Suzuki joined the Nats in August 2012 in a trade with the Oakland Athletics. He was teammates with Gio Gonzalez in Oakland, and the two reunited in D.C. Suzuki almost always caught Gonzalez and the two would use signs that only they knew from the A’s. Suzuki was a strong veteran presence to help the young Wilson Ramos prepare to eventually take on the starting role in the years to come. He only stayed in DC for about a year before he was traded back to the A’s in August 2013. In November 2018, Suzuki rejoined the Nats on a two year contract. He has played in 62 games and has 11 home runs with a .258 batting average.
Ryan Zimmerman is the longest tenured player on the roster. He made his MLB debut in 2005 at third base. After injuries and the emergence of Rendon, Zimmerman moved to first base. He has missed a significant portion of this season with plantar fasciitis, but his brief return before once again succumbing to foot pain, coincided with the Nats offensive resurgence and has helped put them back in the playoff conversation. In 2012, he played in 145 games and hit .282 with 25 home runs.

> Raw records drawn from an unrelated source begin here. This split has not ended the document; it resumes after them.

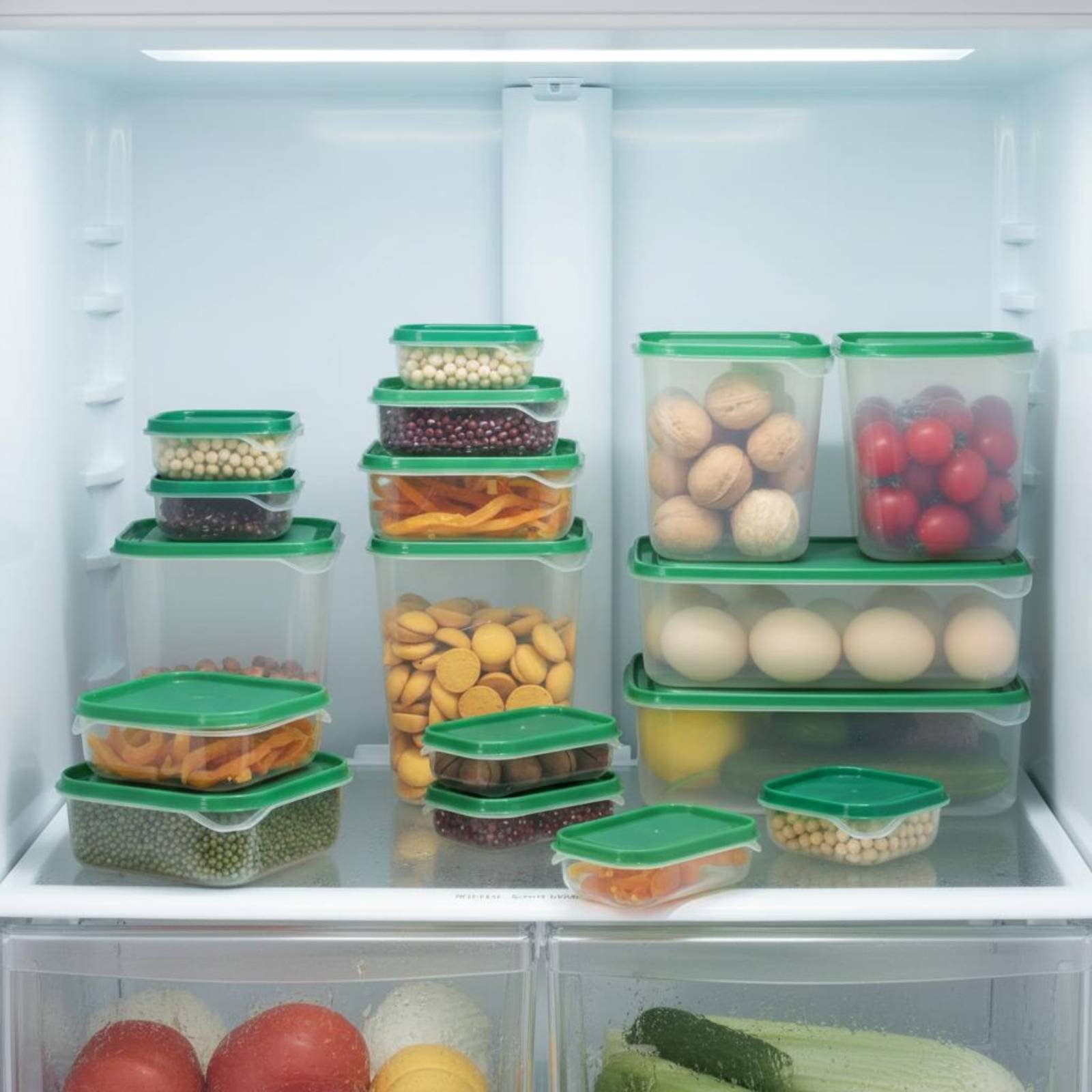 Food Storage Boxes - 17-teiliges Kühlschrank-Aufbewahrungsbox-Set Auslaufsichere Plastik-Lebensmittelbehälter mit Deckel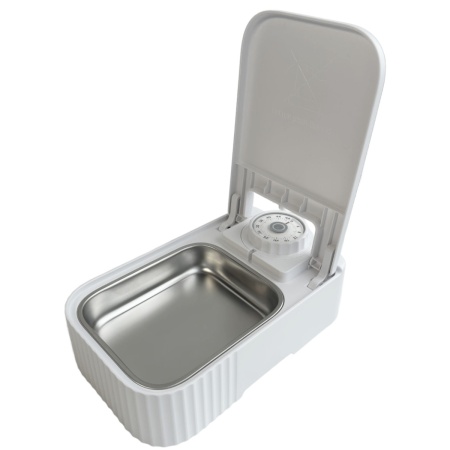 Автокормушка Petzengo PF22-S Solo 1 секция 350 мл с миской из нержавеющей стали с охлаждением, для влажного и сухого корма, белая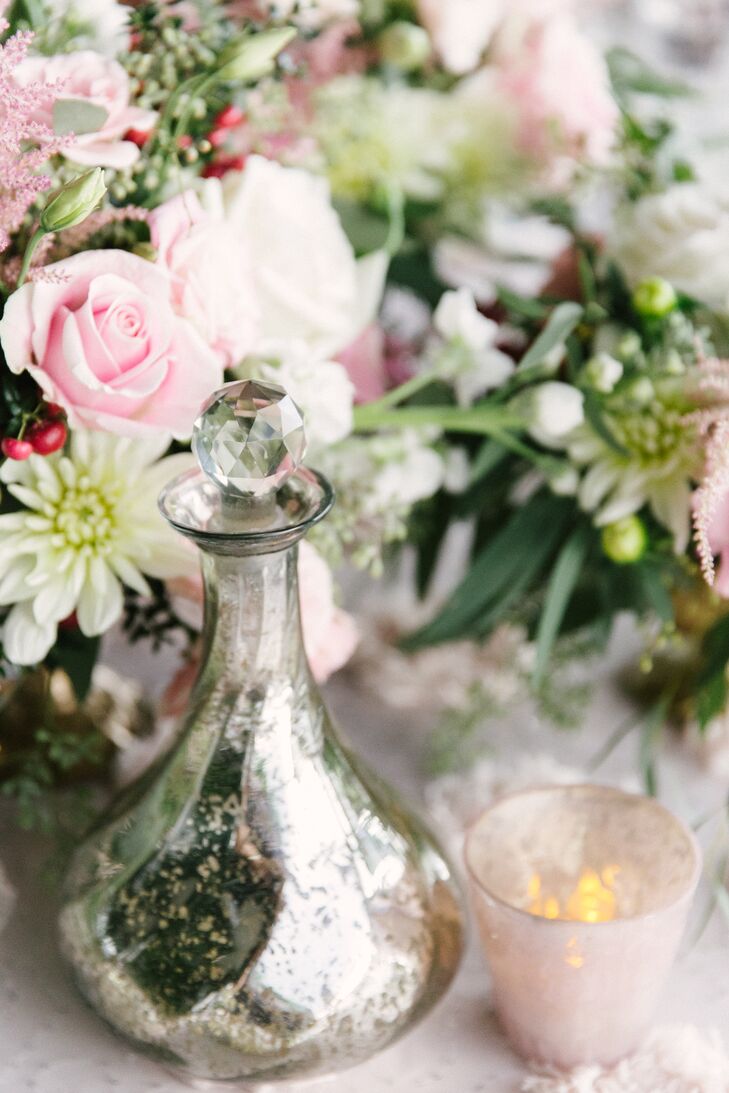 Silver Bottle Centerpiece Accent with Crystal Top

This season, Zimmerman has played in 33 games, and despite only hitting .246, he recorded his 1,000th MLB RBI on July 5 at home.
Porter served as the Nats third base coach from 2010-2012. After spending some time with the Atlanta Braves and the Houston Astros, he is back in D.C. Porter has stepped away from the coaches box, and is now working with Dan Kolko to host the Nats pre and post game show, NatsXtra on MASN.